Alex Moore

No. 24, 48
- Position: Running back

Personal information
- Born: May 22, 1945 (age 80) West Point, Georgia, U.S.
- Listed height: 6 ft 0 in (1.83 m)
- Listed weight: 195 lb (88 kg)

Career information
- High school: East (Columbus, Ohio)
- College: Norfolk State (1964–1967)
- NFL draft: 1968: 14th round, 369th overall pick

Career history
- Seattle Rangers (1968); Denver Broncos (1968);

Career AFL statistics
- Rushing yards: 22
- Rushing average: 5.5
- Receptions: 3
- Receiving yards: 35
- Stats at Pro Football Reference

= Alex Moore (running back) =

American football player (born 1945)

Alexander Lee Moore (born May 22, 1945) is an American former professional football running back who played one season with the Denver Broncos of the American Football League (AFL). He was selected by the San Francisco 49ers in the fourteenth round of the 1968 NFL/AFL draft. He played college football at Norfolk State University.

==Early life and college==
Alexander Lee Moore was born on May 22, 1945, in West Point, Georgia. He attended East High School in Columbus, Ohio.

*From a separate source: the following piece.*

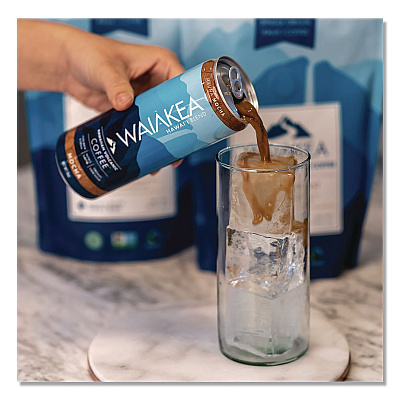 Waiakea Hawaiian Volcanic Cold Brew Coffee, Mauna Mocha, 11 oz Can, 12/Carton (NOV00627)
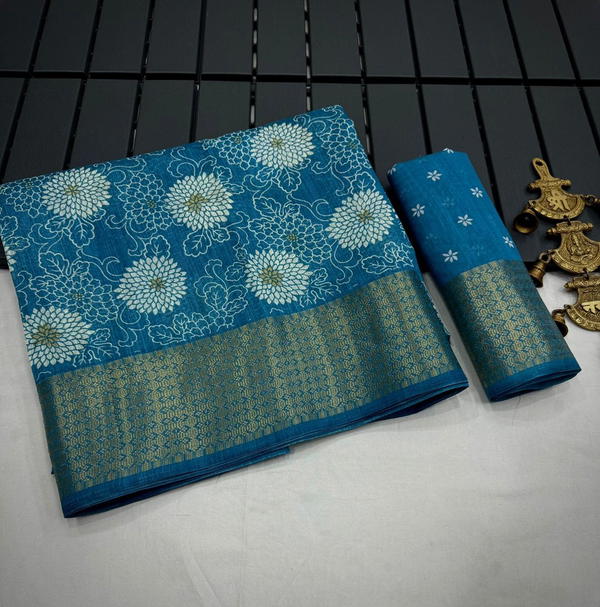 JAMDANI FLOWER BY MERAKI COTTON SILK SAREE WHOLESALER IN SURAT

He was a member of the Norfolk State Spartans from 1964 to 1967.

==Professional career==
Moore was selected by the San Francisco 49ers in the 14th round, with the 369th overall pick, of the 1968 NFL draft. He played for the Seattle Rangers of the Continental Football League in 1968. The Rangers were a farm team of sorts for the Denver Broncos of the American Football League (AFL). He totaled 58 carries for 189 yards, five receptions for 113 yards, three kick returns for 62 yards, and one punt return for 18 yards during his stint with the Rangers. On October 30, 1968, he was promoted to the Broncos. Moore appeared in three games for the Broncos during the 1968 AFL season, rushing four times for 22 yards while also catching three passes for 35 yards and returning four punts for 74 yards. He became a free agent after the season.